So is McGee successful in his efforts? Yes and no. He is successful in bringing those close to him into the museum along with him, but what is less clear is whether or not anyone has noticed. Given Valentine’s review of Barry McGee in Berkley and questions by visitors that went unanswered or poorly answered, it seems that McGee has only succeeded half way. Has anyone who was not already in on it has noticed his subversion? If you do not already know what DFW and THR mean, you probably are not going to discover their meaning by staring at one of McGee’s paintings. On the other hand, those who have been included seem happy, and the irony of OKER’s name being included in such a respectful way on a legal wall while he sits in prison for illegal graffiti is likely to be appreciated by the graffiti community. So maybe McGee’s subversion is a sort of secret subversion. For those who know, the show is bit of a coup. For those who do not know, things are business as usual, and that’s fine.

Photo by Pat Falco
Photo by Pat Falco

Barry McGee is the ICA/Boston’s fourth time bringing someone from the street art or graffiti world into their museum, and of the other attempts I have seen (with the work of Os Gemeos and Swoon) it is the most successful.

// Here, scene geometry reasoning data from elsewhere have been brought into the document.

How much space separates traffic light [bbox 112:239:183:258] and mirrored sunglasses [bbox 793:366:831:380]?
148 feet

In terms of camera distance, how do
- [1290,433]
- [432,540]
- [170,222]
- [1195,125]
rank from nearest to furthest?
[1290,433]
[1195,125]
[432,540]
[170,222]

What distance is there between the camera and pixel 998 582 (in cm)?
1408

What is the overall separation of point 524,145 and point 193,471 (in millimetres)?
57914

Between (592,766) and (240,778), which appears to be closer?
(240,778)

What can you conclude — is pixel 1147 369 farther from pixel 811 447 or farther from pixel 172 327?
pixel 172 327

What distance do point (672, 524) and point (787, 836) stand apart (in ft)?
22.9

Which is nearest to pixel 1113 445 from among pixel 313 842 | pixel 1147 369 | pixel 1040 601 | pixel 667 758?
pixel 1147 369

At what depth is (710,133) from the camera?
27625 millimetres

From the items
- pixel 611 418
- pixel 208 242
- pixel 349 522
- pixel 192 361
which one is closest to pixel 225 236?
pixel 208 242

Barry McGee is full of strong work, it provides a good introduction to McGee without being repetitive, and McGee still manages to let his true self shine through by subverting the museum’s goals somewhat and turning the show into a show about real graffiti and community, if you are in the know. At the same time, I fear that the ICA has missed the point of their own show and failed to see McGee’s true brilliance, so the success seems somewhat accidental.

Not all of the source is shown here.